Das Schicksal von stillgelegten, jedoch nicht entwidmeten Bahnstrecken war ein weiterer Gesprächspunkt. Aus der Arbeit der vom DBV gegründeten Deutschen Regionaleisenbahn konnte Curth mit Beispielen aufwarten, wo der gesetzliche Vorrang der Eisenbahnbetriebszwecke sowohl von der DB als auch vom Eisenbahn-Bundesamt und verschiedenen Ländern vernachlässigt wird. Entwidmungen wurden verfügt, obwohl eine Zwecknutzungserklärung vorlag. So wurden Strecken, statt sie wieder dem Betrieb anheimzustellen, beispielsweise an Schrotthändler verkauft. Grundstücke wurden zum Gegenstand von Immobiliengeschäften gemacht. Curth appellierte an die Bahn, doch mehr auf die Nachhaltigkeit bei solchen Entscheidungen zu setzen. So profitiert die DB mit einigen ihrer Unternehmen alleine schon durch die Zubringerwerte bei der Netz- und Verkehrsverknüpfung.

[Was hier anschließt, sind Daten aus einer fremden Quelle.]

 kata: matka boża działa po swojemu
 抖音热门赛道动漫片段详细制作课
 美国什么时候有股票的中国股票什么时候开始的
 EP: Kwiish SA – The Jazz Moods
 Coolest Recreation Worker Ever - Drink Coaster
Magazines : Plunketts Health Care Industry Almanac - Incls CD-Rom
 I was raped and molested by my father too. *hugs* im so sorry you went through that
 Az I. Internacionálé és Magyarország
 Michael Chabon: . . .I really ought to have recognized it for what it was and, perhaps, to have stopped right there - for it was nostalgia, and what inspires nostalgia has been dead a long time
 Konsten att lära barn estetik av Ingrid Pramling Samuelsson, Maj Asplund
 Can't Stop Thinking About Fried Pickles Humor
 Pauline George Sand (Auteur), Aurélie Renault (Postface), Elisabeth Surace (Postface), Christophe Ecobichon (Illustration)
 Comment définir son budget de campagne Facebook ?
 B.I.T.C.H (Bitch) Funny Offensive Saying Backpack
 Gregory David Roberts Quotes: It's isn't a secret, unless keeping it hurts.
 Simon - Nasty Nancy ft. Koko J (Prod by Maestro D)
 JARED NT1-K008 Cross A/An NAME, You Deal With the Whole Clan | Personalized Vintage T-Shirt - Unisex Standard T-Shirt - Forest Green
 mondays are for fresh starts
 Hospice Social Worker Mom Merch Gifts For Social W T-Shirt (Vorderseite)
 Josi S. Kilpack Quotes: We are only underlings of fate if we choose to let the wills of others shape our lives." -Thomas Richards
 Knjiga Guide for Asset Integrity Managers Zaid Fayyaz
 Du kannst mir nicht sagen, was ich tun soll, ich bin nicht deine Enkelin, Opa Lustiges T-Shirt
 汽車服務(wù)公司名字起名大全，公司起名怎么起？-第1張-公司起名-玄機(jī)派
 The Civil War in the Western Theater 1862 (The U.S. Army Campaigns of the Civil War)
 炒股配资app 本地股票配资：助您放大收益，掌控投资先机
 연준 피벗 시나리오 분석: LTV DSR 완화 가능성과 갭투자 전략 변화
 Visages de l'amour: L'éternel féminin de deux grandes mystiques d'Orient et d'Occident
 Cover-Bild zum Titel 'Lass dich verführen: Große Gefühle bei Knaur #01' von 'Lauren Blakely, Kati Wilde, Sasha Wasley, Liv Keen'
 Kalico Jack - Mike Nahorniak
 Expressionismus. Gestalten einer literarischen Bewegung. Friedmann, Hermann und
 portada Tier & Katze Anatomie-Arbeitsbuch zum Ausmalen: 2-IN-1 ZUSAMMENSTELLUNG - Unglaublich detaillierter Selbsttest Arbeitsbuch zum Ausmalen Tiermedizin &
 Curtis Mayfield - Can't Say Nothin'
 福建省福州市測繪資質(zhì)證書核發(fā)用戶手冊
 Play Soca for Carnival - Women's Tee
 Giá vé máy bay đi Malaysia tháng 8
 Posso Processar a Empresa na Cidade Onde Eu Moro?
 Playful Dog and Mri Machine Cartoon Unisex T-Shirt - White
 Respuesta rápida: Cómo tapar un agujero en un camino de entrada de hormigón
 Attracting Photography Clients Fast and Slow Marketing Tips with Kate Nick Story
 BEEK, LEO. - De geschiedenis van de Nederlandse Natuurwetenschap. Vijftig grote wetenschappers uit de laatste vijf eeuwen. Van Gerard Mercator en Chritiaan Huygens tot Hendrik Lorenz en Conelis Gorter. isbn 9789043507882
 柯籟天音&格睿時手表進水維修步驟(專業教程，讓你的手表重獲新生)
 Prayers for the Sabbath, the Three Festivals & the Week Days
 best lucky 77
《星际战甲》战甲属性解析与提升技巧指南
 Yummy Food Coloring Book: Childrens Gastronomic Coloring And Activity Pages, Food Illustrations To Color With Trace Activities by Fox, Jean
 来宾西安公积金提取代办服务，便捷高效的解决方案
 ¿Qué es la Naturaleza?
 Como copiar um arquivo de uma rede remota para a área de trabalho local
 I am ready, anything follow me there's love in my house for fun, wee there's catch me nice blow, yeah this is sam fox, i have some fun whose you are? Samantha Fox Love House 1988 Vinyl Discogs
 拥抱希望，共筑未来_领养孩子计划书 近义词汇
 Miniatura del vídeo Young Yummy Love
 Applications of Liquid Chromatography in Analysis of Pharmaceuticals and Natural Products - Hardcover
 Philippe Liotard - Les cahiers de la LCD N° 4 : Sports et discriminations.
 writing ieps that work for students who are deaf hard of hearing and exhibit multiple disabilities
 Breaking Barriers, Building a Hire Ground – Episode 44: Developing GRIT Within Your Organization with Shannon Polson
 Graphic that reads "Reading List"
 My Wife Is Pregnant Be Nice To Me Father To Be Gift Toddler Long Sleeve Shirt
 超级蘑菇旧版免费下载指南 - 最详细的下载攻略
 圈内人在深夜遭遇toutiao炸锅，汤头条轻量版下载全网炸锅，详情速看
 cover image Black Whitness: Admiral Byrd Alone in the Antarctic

Um weiteren Eskalationen in diesem Themenbereich entgegenzuwirken, schlug der DBV-Präsident eine Potenzialanalyse aller stillgelegten und noch gewidmeten Strecken vor, um deren mögliche Reaktivierung zu prüfen. Denn die heutigen Verhältnisse könnten nicht mit denen bei der seinerzeitigen Stilllegung verglichen werden. Die Prognoseüberschreitungen bei Streckenreaktivierungen, z. B. in Baden- Württemberg oder Rheinland-Pfalz, sowie die Transportverteuerungen durch die Einführung der Lkw-Maut für bestimmte Gutarten, z. B. Schüttgüter, Holz und Flüssigstoffe, sollten zu einem solchen Schritt ermuntern, meinte Curth. Ähnlich äußerte sich kurz darauf auch Karl-Peter Naumann, Bundesvorsitzender von Pro Bahn, auf einer Veranstaltung der Allianz pro Schiene am 23. November.

Rüdiger Grube sagte zu, dass es zu diesem Thema vertiefende Gespräche zwischen DB Netz, DB Schenker Rail und dem DBV geben werde.

Abschließend werteten beide das Gespräch positiv und waren sich in dem Bestreben nach Fortsetzung des Dialogs einig.